W9OBEqvlPqBU_s4Stefano Biancu cita le parole del filosofo Eric Voegelin in un suo studio presente all’interno di “Il simbolo. Una sfida per la filosofia e per la teologia” (San Paolo, 162 pagine, con una prefazione di Ghislain Lafont), scritto assieme ad Andrea Grillo. Biancu e Grillo si dividono i compiti: il primo traccia una sorta di storia del simbolo all’interno del pensiero occidentale, il secondo approfondisce il rapporto tra il simbolo e la liturgia. Ma quella citazione di Voegelin rappresenta un punto fondamentale per capire davvero tutte le implicazioni che il processo di simbolizzazione comporta nel suo affiorare dentro la cultura e la religione. È il nodo che Freud chiamerebbe del rimosso: messo fuori dalla porta dal laicismo esasperato delle società post-moderne, il simbolo rientra dalla finestra delle proiezioni della trascendenza non più nel contesto del divino, ma nella sfera politica. Il nazismo aveva assunto in sé tutta la tremenda forza dell’altrove traferitasi nel qui e nell’ora, e i caratteri divini, sradicati dalla sfera trascendente, vengono attribuiti all’umano. Di fatto la spasmodica tensione al riconoscimento di una dimensione superiore viene corrotta e deviata verso l’umano, che sostituisce il divino.
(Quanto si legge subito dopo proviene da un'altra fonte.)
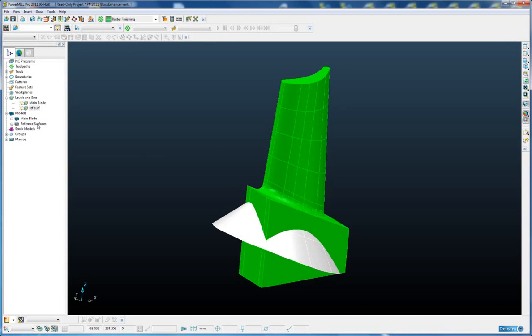In previous versions of PowerMill, PowerMill 2010 and earlier, when we calculated the block, PowerMill considered every surface in the part for the block calculation including the reference models, which typically was not desirable.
Merito del lavoro di Biancu è quello di metterci davanti tutto il lavoro che è stato compiuto nel corso dei millenni per arrivare alla comprensione dell’universo simbolico che difficilmente troverà una definizione capace di comprenderlo davvero, visto che il simbolo è per sua natura voce dell’incomunicabile, per alcuni segno vago e insufficiente, per altri parte medesima del Principio che si tenta, almeno per un attimo, di avvicinare.
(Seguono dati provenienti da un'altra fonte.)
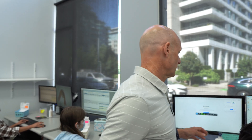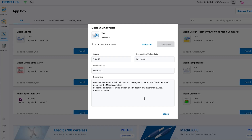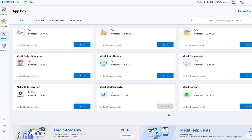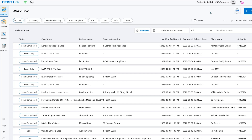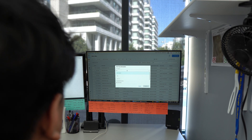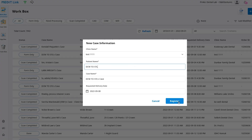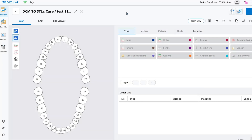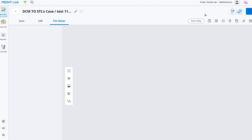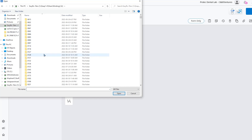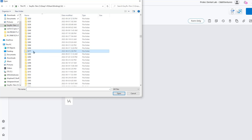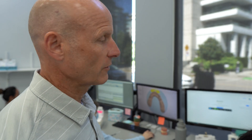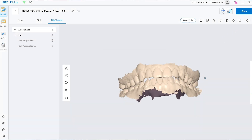As we look over Jonathan's shoulder here, he is in the Medit Link app, and in particular today we're going to look at the DCM file converter. So we start by creating a new case, and what we're doing is grabbing files that have arrived sometimes via a different intraoral scanning system like 3Shape. Those files may have arrived in a format that's not as useful for us, so we grab the DCM file from a folder where our intraoral scans are kept when they enter the laboratory. Jonathan gets the correct files and brings them into the Medit software so we can convert from DCM to STL.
Secondo la retorica, il simbolo è un procedimento attraverso il quale il contenuto profondo tenta di giungere alla comprensione umana con un esempio materiale: la croce è il simbolo della morte e resurrezione del Cristo e del cristianesimo stesso. Solo che, a differenza di altre figure retoriche come la metafora e l’allegoria, esso non è riducibile ad una equazione: i capelli d’oro sono una metafora che ci dice il biondo dei capelli con uno spostamento di termini e la soppressione di uno di loro (biondo, appunto). Il simbolo invece non ha una possibilità di equivalenza: l’acqua rappresenta la vita, ma nel contempo accenna a strutture profondissime che stanno sotto la logica umana, richiamano le origini stesse dell’individuo, la medesima natura corporea dell’uomo. Biancu fa bene a citare Marcel Jousse, che sosteneva come il simbolo fosse alla base delle manifestazioni umane, tese ad imitare “le azioni e i ritmi dell’universo”.
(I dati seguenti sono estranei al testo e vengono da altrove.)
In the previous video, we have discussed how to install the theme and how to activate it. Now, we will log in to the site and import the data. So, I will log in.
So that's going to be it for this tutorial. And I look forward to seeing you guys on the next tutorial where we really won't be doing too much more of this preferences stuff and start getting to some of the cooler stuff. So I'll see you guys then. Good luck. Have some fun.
La rilevanza del simbolo all’interno del discorso su Dio e della liturgia è approfondita nella seconda parte del libro da Andrea Grillo, che prende le mosse dalla cosiddetta “svolta simbolica”: dopo secoli di convinzione che le cose si spiegassero da sole e che non ci fosse dunque nessun bisogno di una ricerca sul significato profondo della loro presenza, e dopo che all’interno della Chiesa stessa il simbolo poneva il sospetto di “deriva modernistica”, si assiste al ritorno di quella che non può neanche essere considerata la madre di tutte le figure: essa stessa non è una figura, o almeno non lo è del tutto, in quanto è, almeno in parte, l’essenza medesima. Grillo attacca nel suo saggio “l’opposizione tra simbolo e realtà” che si è proposta da più parti, proprio perché il simbolo è “la struttura significativa della relazione tra l’uomo e il suo fondamento”.

L’interesse di questo libro sta nell’averci permesso di ripercorrere la storia del simbolo e delle sue relazioni con la cultura e la fede, anche se sarebbe stato bene servirsi di un linguaggio meno tecnicistico, da addetti ai lavori: l’argomento meritava di essere reso comprensibile ad una fascia meno ristretta di lettori.